The famous CNN host wrote a new memoir called My Remarkable Journey

Larry King's life runs the spectrum. He has been married eight times to seven women. He's had a personal relationship with every president since Richard Nixon. "I'm a survivor. I've always been in the right place at the right time," says King, host of CNN's Larry King Live for 24 years and author of a new memoir, My Remarkable Journey (Weinstein Books, 294 pp., $27.95), out Tuesday. "Luck plays a part in any successful life."

King calls the autobiography, his 11th book, a "let-it-all-out" tale.
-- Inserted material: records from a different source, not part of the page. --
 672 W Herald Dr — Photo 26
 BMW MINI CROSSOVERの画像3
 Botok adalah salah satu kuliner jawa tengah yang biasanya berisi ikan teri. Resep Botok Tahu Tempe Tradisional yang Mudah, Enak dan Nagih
It touches on everything from reuniting with the son (Larry King Jr.) he didn't know he had from a brief, early marriage to being thrown out of his son Chance's Little League game after fighting with an umpire over what he still believes was a bad call. He has two sons, Chance, 10, and Cannon, 8, with his current wife, Shawn Southwick-King, and three adult children from his previous marriages.

Ups and downs "People kept asking me, 'What about this story, what about that story?' So I decided to put it all down once and for all. I think it also has something to do with being 75." He admits on the book's first page that his memory isn't what it used to be. "There's always going to be some embellishment when you tell a story," he says. With that, he's off. His Brooklyn childhood, his father's death when Larry was 9, his eight marriages ("I was young, impetuous and lonely") and his heart attack. Plus a 1971 grand larceny charge when he was unable to pay back money he owed a business partner. It was later dismissed.
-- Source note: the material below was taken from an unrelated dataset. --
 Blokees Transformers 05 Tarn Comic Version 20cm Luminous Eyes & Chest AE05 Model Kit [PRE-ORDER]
"It is what it is and it happened," he says. "If you're going to write an autobiography, you can't leave things out. I had a lot of ups and downs, and that was certainly a down time." Always a poor money manager, King says he now has a financial firm manage his money. "I have a credit card. I'm not allowed to overspend." As for insights into his 50-year career, King says: He'd most like to interview reclusive author J. D. Salinger; former president Bill Clinton is one of the best interview subjects; and Elizabeth Edwards, a guest last week, was "a 10 out of 10. She brought the audience in." Retire to what?

He says that as an interviewer, he's there to learn along with everyone else. He says too many TV talk show hosts are too interested in themselves. "They use the word 'I' a lot," he says. "I'm the conduit. The interview goes through me to the audience. Sometimes I believe everything, sometimes I believe half, and sometimes I don't know what to believe. It's the audience who decides." King renewed a three-year contract with CNN last year and plans to keep working as long as CNN will have him. Any plans to retire? "Retire to what?" he asks.